Canada notes that it has not put in a defence regarding whether these contributions are subsidies within the meaning of Article 1 of the SCM Agreement. Brazil has explicitly indicated its agreement with Canada in its letter of 13 December 1998, regarding the relevance of the principle of judicial economy to the issues to be determined in this case. Accordingly, to the extent that any documents are produced by Canada in response to this question of the Panel, they are provided to support Canada's submissions that the contributions at issue are not "contingent on export performance" within the meaning of Article 3 of the SCM Agreement.

Most of the information requested by the Panel is highly sensitive business confidential information. Canada's desire to present to the Panel such information as may help it arrive at a decision must be balanced against the commercial interests and legal rights of private parties not Party to this dispute. These private parties, and others in the process of submitting applications under the TPC programme, have already expressed reluctance in sharing information, or additional information, concerning their business plans. Such reluctance, if it were to continue, would have a serious deleterious impact on the functioning of the TPC programme.

Canada has requested the interested private parties to release Canada from obligations arising under the business confidentiality clauses of Canada's arrangements with them. With the exception of Bombardier, these interested parties have indicated that are not prepared to allow Canada to release business confidential information, or have not responded to the request for release [...]

9.300 In response to our request for comments on the rates of return estimated by Brazil, Canada relied on the same arguments as for the aforementioned $87 million TPC contribution to Bombardier.
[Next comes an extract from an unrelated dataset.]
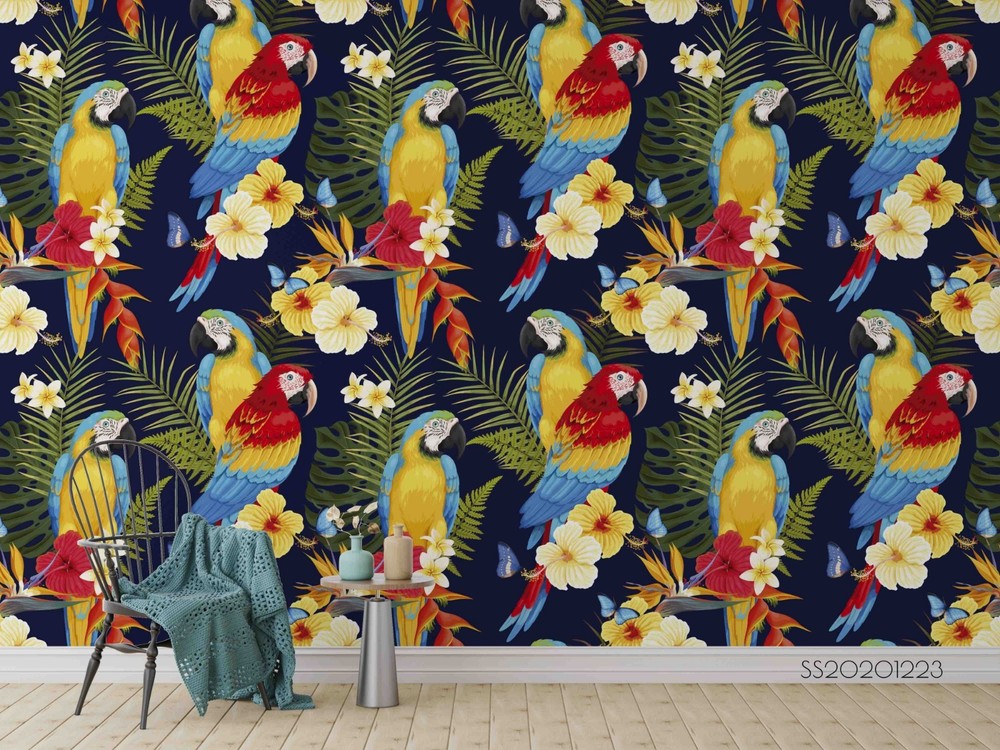 3D Flower Leaf Parrot Pattern Wall Murals Wallpaper Murals Wall Sticker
Thus, Canada asserted that a number of assumptions supporting Brazil's estimation "have no basis in fact". Canada also asserted that the methodology of Brazil's estimation of TPC's return is "less than credible", and that the estimation contained a number of "fundamental problems" that have led to "fantastical estimates". Unlike the Bombardier contribution, however, Canada did not provide specific arguments seeking to rebut the rates of return estimated by Brazil.

9.301 As with Brazil's reaction to Canada's refusal to provide detailed information concerning the $87 million Bombardier contribution, Brazil asks the Panel to "adopt adverse inferences, presuming that all information withheld by Canada is inculpatory", and that the two TPC contributions in issue are subsidies prohibited by Article 3 of the SCM Agreement.

To continue with $12.7 million TPC contribution to Allied Signal;


612 See para. 9.43 above.

613 WTO document WT/DS70/2.

614 We recall our interpretation of the meaning of "benefit" at para. 9.120 above.

615 We note that Brazil's request for establishment of a panel (WT/DS70/2) refers to various alleged prohibited export subsidies provided to the "Canadian industry producing civil aircraft". Our terms of reference, therefore, relate to assistance provided to the Canadian civil aircraft industry. With the exception of its first written submission, however, all findings requested by Brazil concerning TPC refer to the "regional aircraft industry". Similarly, all arguments and evidence adduced by Brazil concerns the regional aircraft industry. For this reason, we only examine Brazil's claim against TPC assistance insofar as such assistance relates to the Canadian regional aircraft industry.

616 In response to a question from the Panel, Brazil confirmed that the phrase "predecessor programs" in its request for establishment is restricted to the DIPP.